The table of savings and checking account interest rates has been updated to include some moves by Presidential, UFB Direct, and Virtual Bank.
Last week people were sounding the warning alarm for $5 gas at the pump. I didn’t echo the thought here because at the time on the surface it seemed somewhat reactionary. But some people are still claiaming we could shortly reach that… maybe.
Compare these two CNN articles. First, Rita could equal $5 gas, written September 22. Opening sentences:
Remember when gas spiked to $3-plus a gallon after Hurricane Katrina? By this time next week, that could seem like the good old days. Weather and energy experts say that as bad as Hurricane Katrina hit the nation’s supply of gasoline, Hurricane Rita could be worse.
Now here is a more recent article (September 28, today), in which Gerri Willis offers 5 tips for saving gas. The first few sentences:
Remember when gas spiked to $3-plus a gallon after Hurricane Katrina? By this time next week, that could seem like the good old days. Weather and energy experts say that as bad as Hurricane Katrina hit the nation’s supply of gasoline, Hurricane Rita could be worse. Analysts are predicting Rita’s aftermath could catapult gas prices to $4, even $5 a gallon.
Perhaps energy experts will come out once a week, every week, to declare that by “this time next week” we’ll see $5 gas. At some point, they will be correct.
Predictions aside, Gerri’s article does offer five tips as promised:
* Save from the start. Buy smart. At the very least, know the how your new car is rated in terms of gas mileage.
* Be high maintenance. Clean out the trunk, check air pressure in the tires, and keep your air filters clean.
* Find a buddy. Carpooling is a great solution for those who can give up some flexibility.
* Compare prices from home. Shop around for the best (lowest priced) stations on your route.
* Show us the deduction. Don’t forget the reimbursement rate for September through December 2005 is now 48.5 cents per mile. When I volunteer over the weekends this fall, I’m only getting 30 cents per mile in excess of 200 miles per day — a minimum I rarely reach. I suppose that’s why they call it volunteering.
A little tidbit gurus like to throw around is the first part of the phrase in the title of this entry.
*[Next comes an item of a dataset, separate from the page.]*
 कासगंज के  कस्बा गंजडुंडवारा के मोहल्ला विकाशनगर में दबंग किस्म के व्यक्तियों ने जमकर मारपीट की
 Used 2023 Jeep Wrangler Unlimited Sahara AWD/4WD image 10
The second part is the sound Seth Green uttered as the voice of the character Chris Griffin in the new episode of Family Guy that was on earlier tonight.
“It’s not what you make, it’s what you spend.” Surely those who preach this phrase use an example of two people in the same position earning the same amount, having the same path to the current point in their careers. One spends more money than the other. The one who saves more builds wealth faster. Sure, that’s pretty straightforward.
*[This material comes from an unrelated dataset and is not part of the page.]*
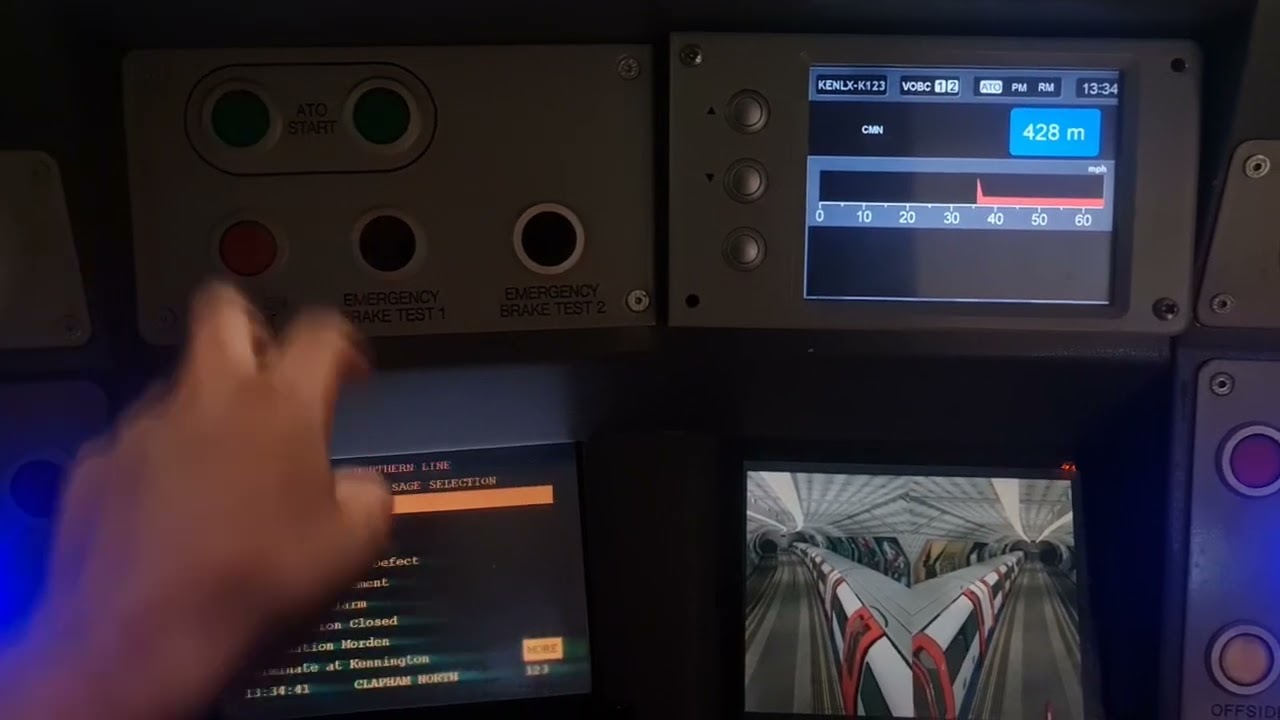 Northern line | Driving the Northern line simulator... in ATO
But just like every other bite-sized nugget of “wisdom,” the credo just doesn’t hold up under real life circumstances. Take two frugal people in the same type of job. One is an event planner (and manager of that department) for a non-profit organization, the other is an event planner (and manager of that department) for a corporation. Let’s say they both have a decently frugal lifestyle and have expenses totalling $20,000 in the particular year we’re evaluating.
Our non-profit manager is making $40,000 during that year. Our corporate manager is bringing home $80,000. With the same conservative expenses, who is coming out on top, by leaps and bounds over time?
Our favorite phrase is often used in conjunction with the goal of becoming a “millionaire.” The fact remains that the individual with the highest net income at the end of the year, regardless of gross income or gross expenses, given the same opportunities for investment, is going to reach the goal first. Therefore, these two categories — income and expense — must be weighted equally. If you still believe that level of income is secondary to level of expense, someone has been trying to sell you something, and they have succeeded.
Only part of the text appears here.